ASSIGNMENT: From the listing below, output the lines between the one with "Рожковая кофеварка CASO" and the one with "Top 1000 Classic", including those two, and nothing else. Pictures are not copied.

= = = =

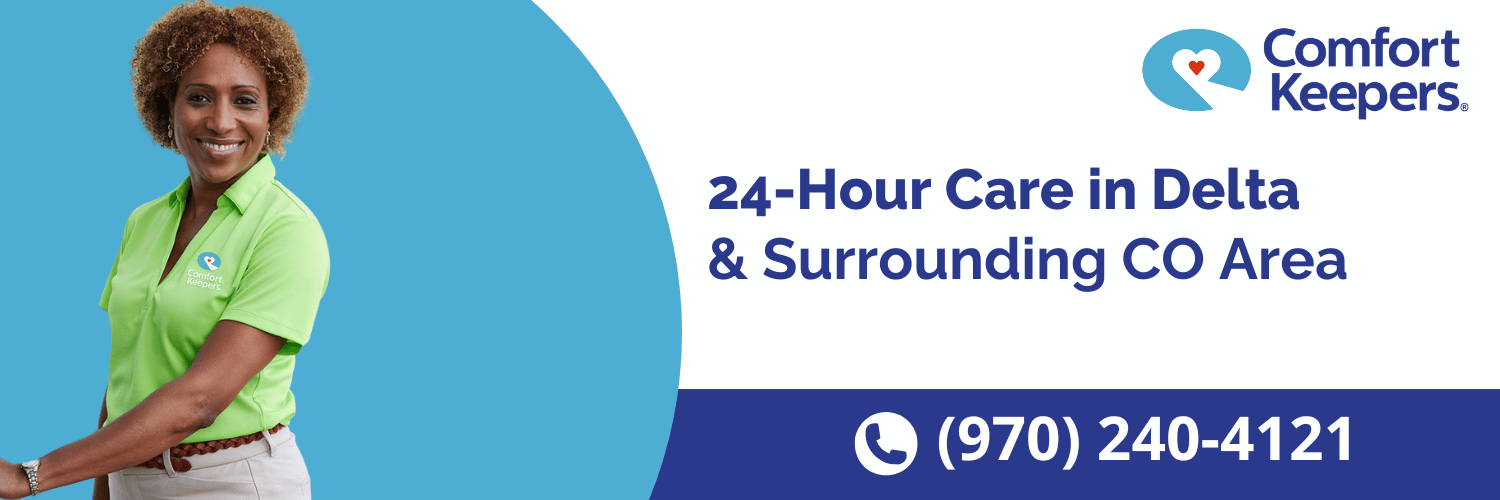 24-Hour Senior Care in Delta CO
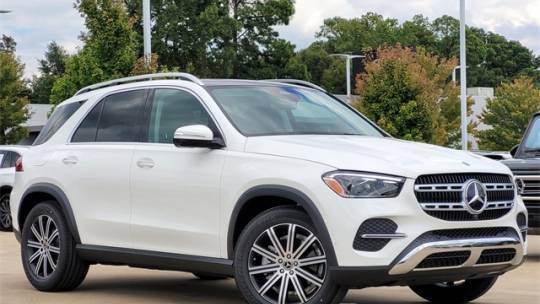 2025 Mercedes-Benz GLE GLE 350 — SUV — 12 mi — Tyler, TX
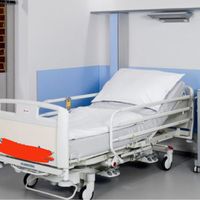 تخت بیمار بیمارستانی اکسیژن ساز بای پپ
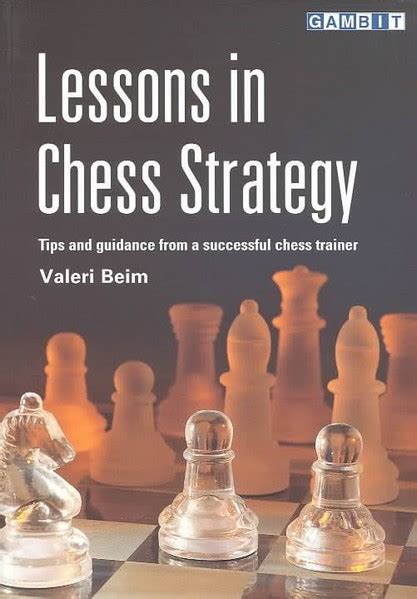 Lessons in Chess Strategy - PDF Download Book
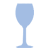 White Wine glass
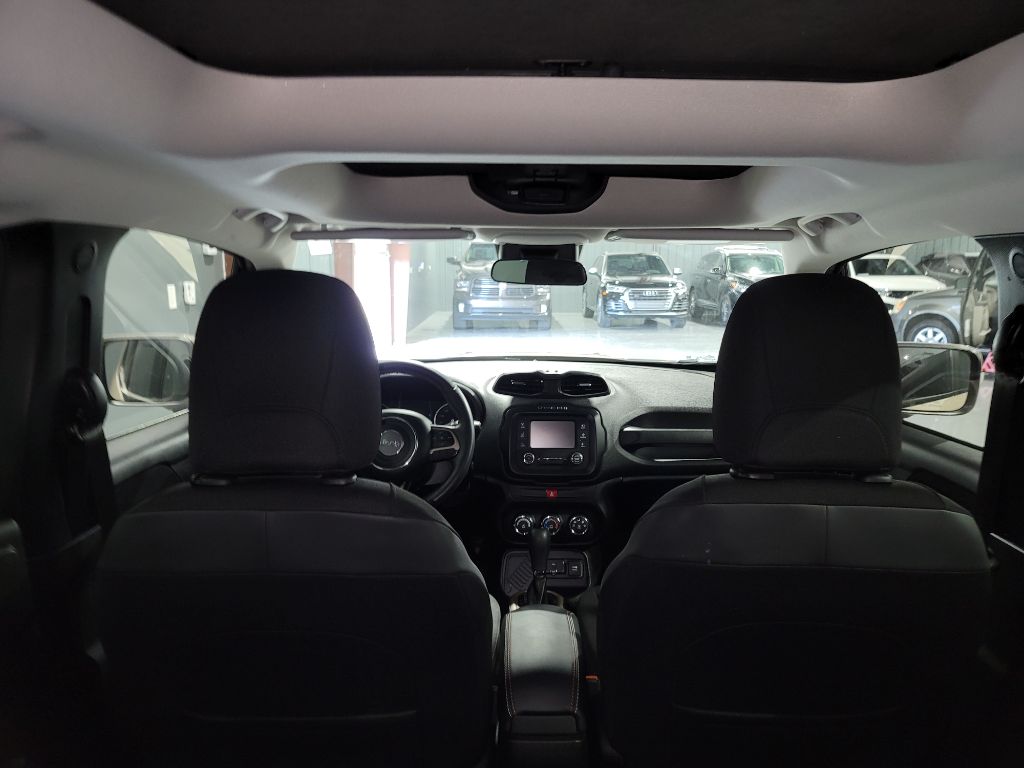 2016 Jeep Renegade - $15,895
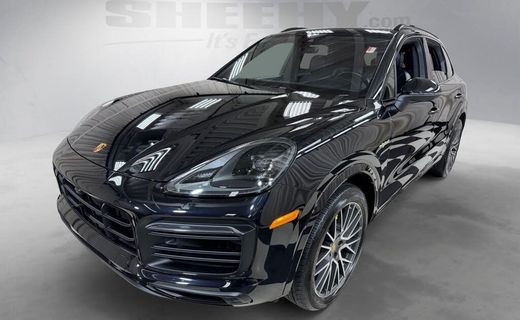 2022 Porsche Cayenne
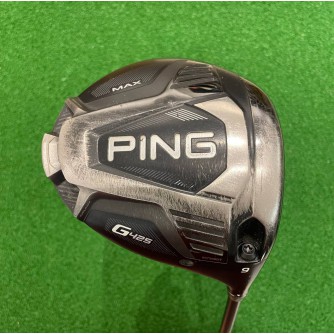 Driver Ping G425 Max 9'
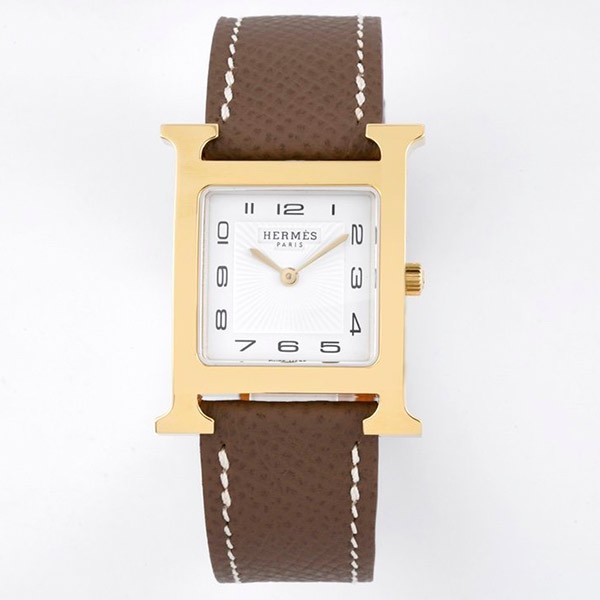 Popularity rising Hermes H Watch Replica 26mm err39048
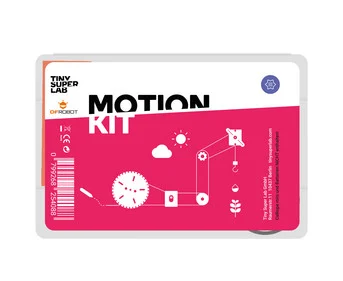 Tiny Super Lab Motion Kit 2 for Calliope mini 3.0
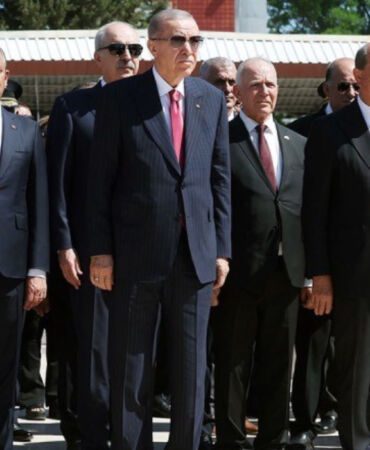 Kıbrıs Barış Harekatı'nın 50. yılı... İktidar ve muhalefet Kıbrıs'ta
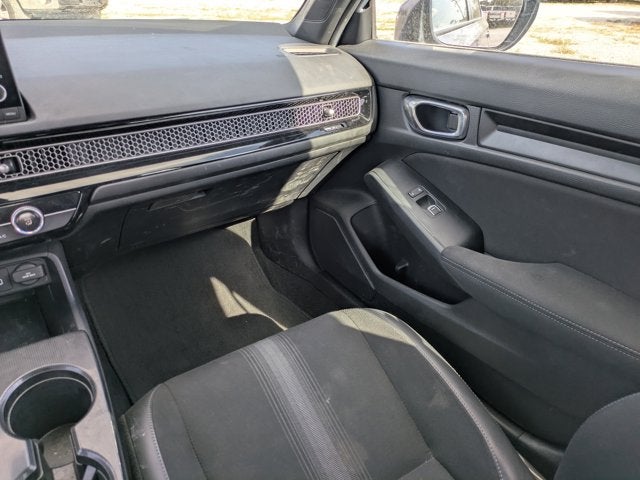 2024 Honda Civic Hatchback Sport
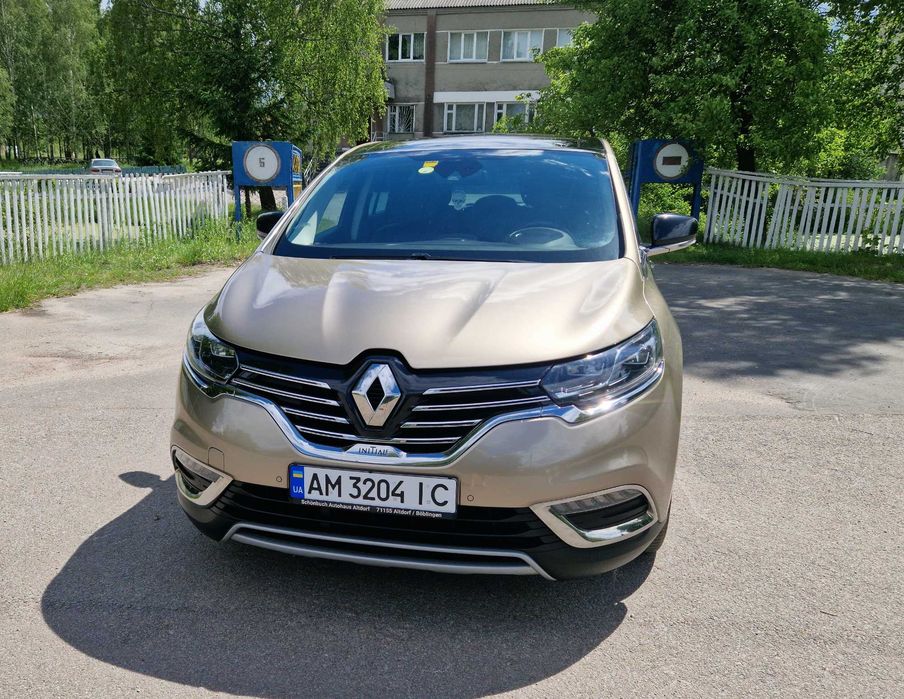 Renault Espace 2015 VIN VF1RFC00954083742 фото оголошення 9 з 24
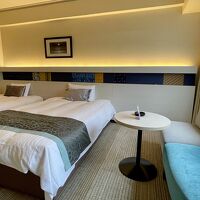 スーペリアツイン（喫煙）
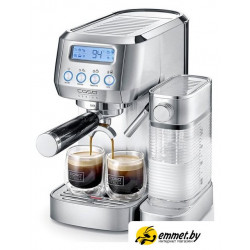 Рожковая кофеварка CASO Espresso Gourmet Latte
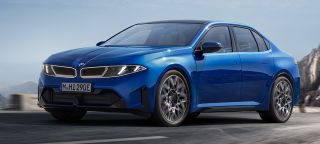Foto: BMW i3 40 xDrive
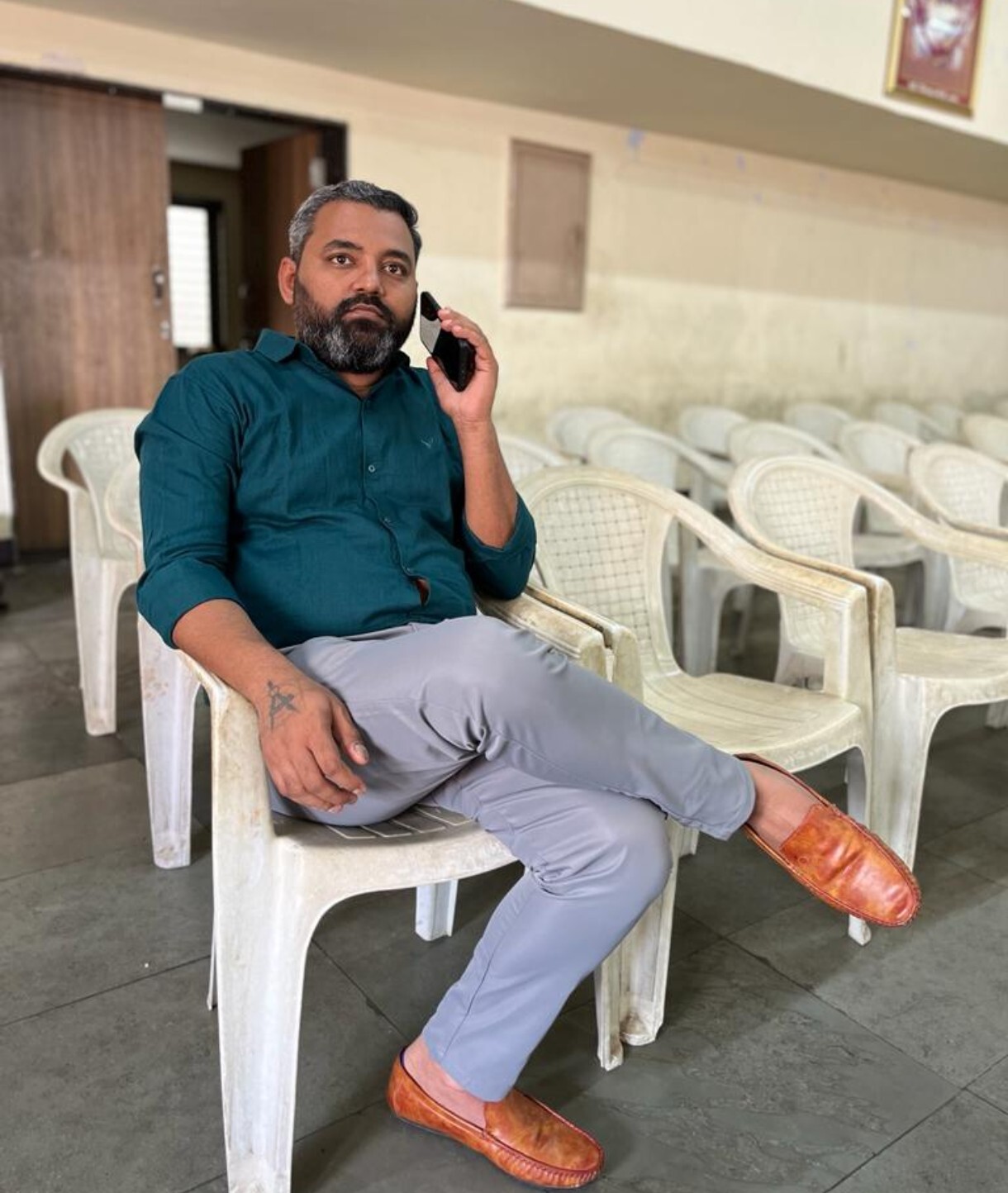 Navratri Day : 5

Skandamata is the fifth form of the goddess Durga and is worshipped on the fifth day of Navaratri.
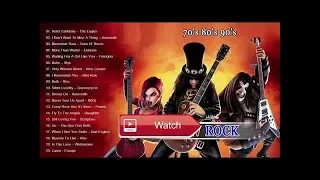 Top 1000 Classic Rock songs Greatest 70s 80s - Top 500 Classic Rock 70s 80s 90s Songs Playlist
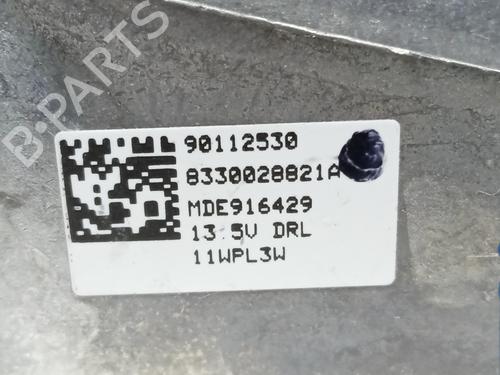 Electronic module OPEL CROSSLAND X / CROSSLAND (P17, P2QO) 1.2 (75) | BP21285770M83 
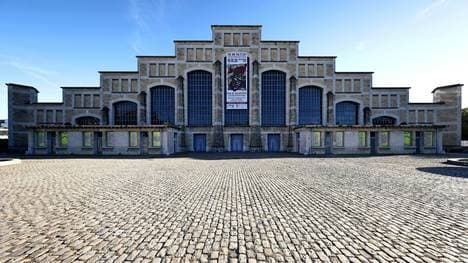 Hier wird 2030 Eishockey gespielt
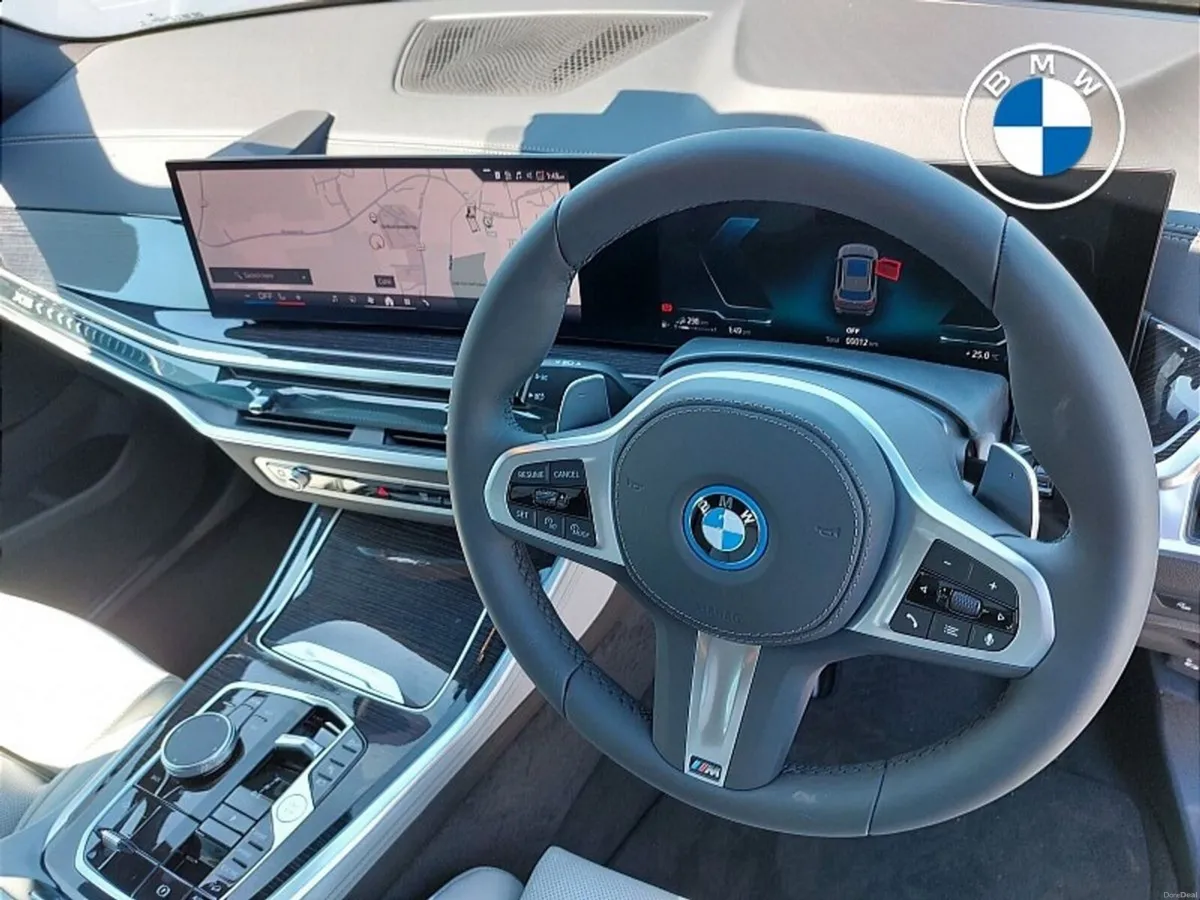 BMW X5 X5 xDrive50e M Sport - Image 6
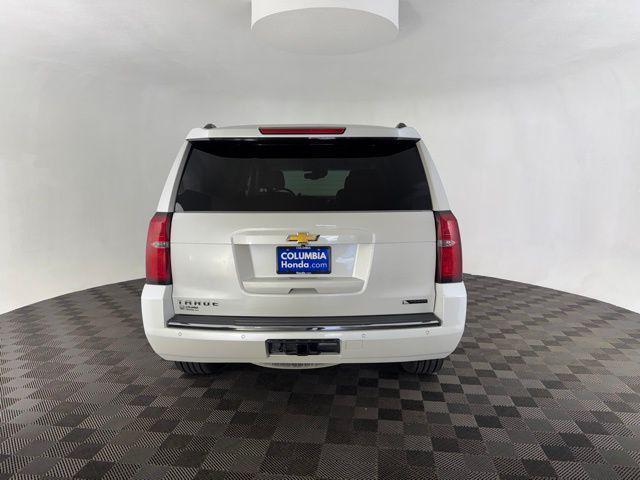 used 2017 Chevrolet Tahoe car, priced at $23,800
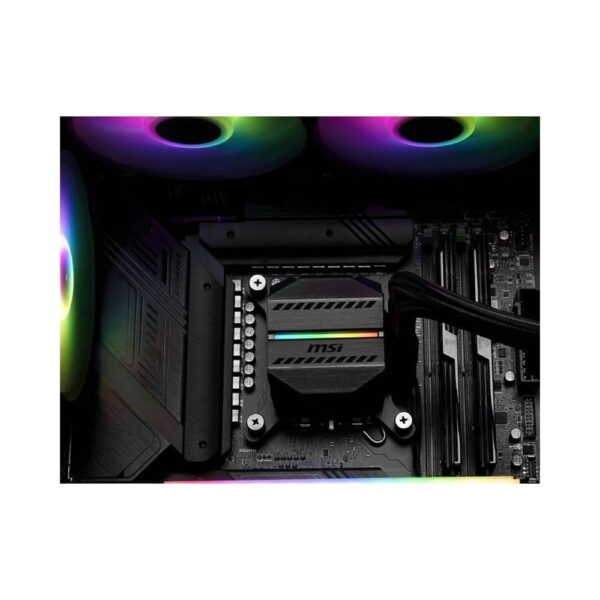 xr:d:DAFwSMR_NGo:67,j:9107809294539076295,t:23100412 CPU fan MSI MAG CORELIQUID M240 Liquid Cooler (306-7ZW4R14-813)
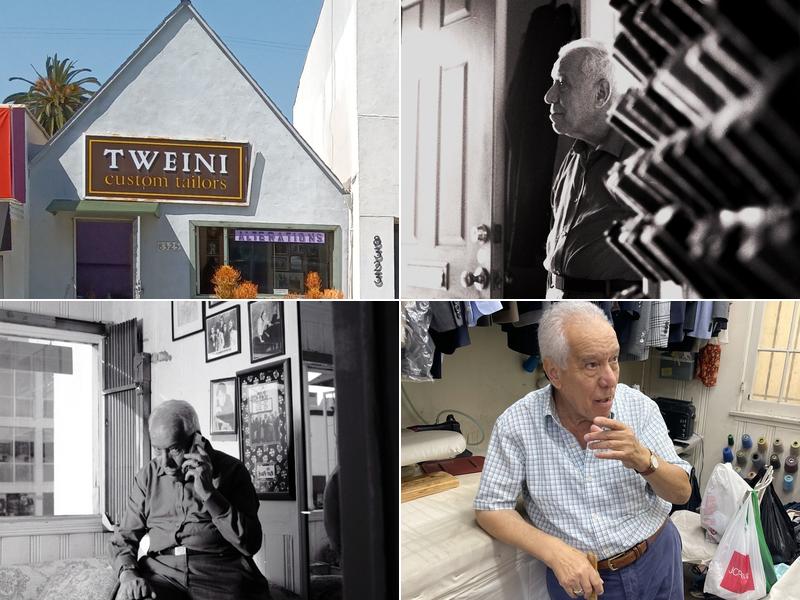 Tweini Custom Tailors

= = = =

EXERCISE OUTPUT:
 Рожковая кофеварка CASO Espresso Gourmet Latte
Foto: BMW i3 40 xDrive
 Navratri Day : 5

Skandamata is the fifth form of the goddess Durga and is worshipped on the fifth day of Navaratri.
 Top 1000 Classic Rock songs Greatest 70s 80s - Top 500 Classic Rock 70s 80s 90s Songs Playlist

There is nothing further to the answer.